Defined in this way, more films are orphans than not.  Many are more accurately described as “footage,” recordings shot on celluloid but not intended to be completed works or theatrical releases.  The millions of feet of home movies and newsreel outtakes alone outnumber the quantity of film stock used to make all of the feature films ever released by Hollywood studios.

Movement
The resurgent interest in these films is due to their value as cultural and historical artifacts.  Documentarians, filmmakers, historians, curators, collectors and scholars have joined forces with archivists because they deem orphans not only historical documents, but also evidence of alternative, suppressed, minority or forgotten histories.

Since 1999, hundreds of these devotees have gathered for the biennial Orphan Film Symposium. 
In their introduction to the anthology Mining the Home Movie (2008) Karen Ishizuka and Patricia Zimmermann assess the impact of these symposiums:

After the fifth Orphan Film Symposium ("Science, Industry & Education") took place at the University of South Carolina (March 2006), New York University took up the project, incorporating it into the Department of Cinema Studies and its Moving Image Archiving and Preservation master's program at the Tisch School of the Arts.
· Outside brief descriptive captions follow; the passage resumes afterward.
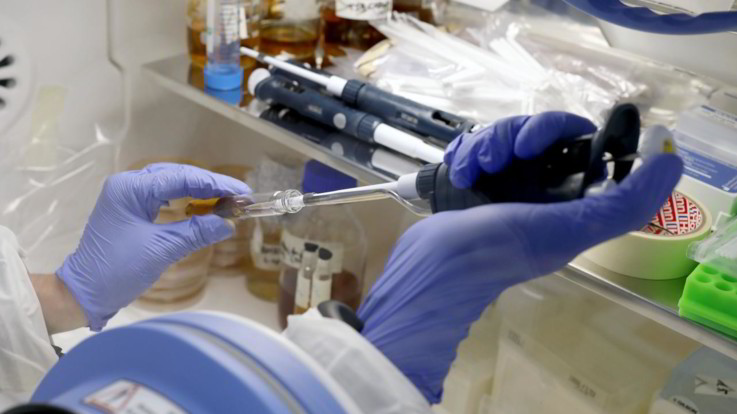 Domenica la Giornata dell'Epatite C: la cura c'è, si lavora all'eliminazione del virus
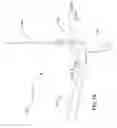 Fig. 23 - Internal joint stabilizer device, system and method of use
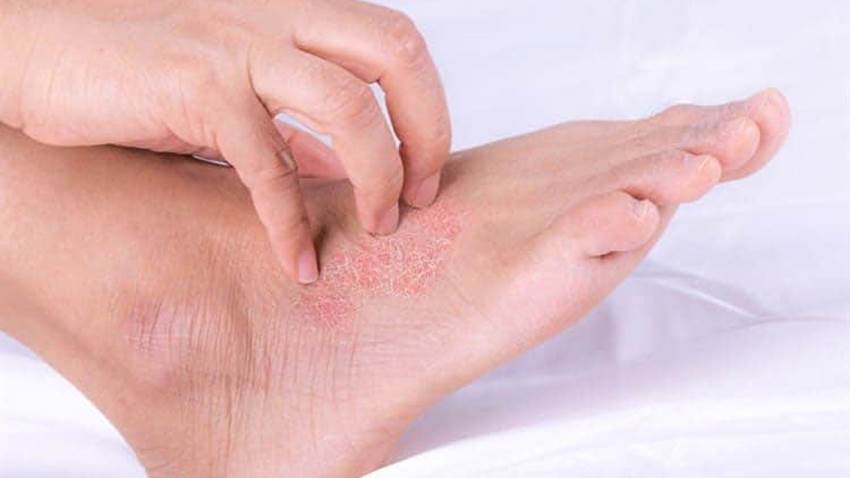 Psoriasis en las uñas, piel y articulaciones de los pies: Consejos para tratar y aliviar esta enfermedad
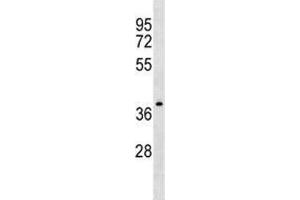 NDRG4 antibody western blot analysis in CEM lysate. (NDRG4 anticorps  (AA 193-220))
Orphans 6, 7, and 8 took place in New York City. The 2008 symposium focused on neglected films and videos by, about, against, and under "the state." The 2010 edition, "Moving Pictures Around the World," included speakers from 17 nations. In 2012, Museum of the Moving Image in Queens co-hosted the eighth symposium, "Made to Persuade". The ninth and tenth symposiums took place at major institutions outside of New York. EYE Film Institute Netherlands hosted Orphans 9 ("The Future of Obsolescence," 2014) in Amsterdam, attracting attendees from 30 nations. Orphans 10 ("Sound," 2016) convened at the Library of Congress Packard Campus for Audio-Visual Conservation in Culpeper, Virginia.
 
In 2001, members of these academic-archival professions began referring to an “orphan film movement.”  As archivist-scholar Caroline Frick has written, some of the most active participants identify themselves as “orphanistas,” passionate advocates for saving, studying, and screening neglected cinema.  In 2004, visual anthropologist Emily Cohen wrote that the movement's creative and intellectual ferment constituted an “Orphanista Manifesto.”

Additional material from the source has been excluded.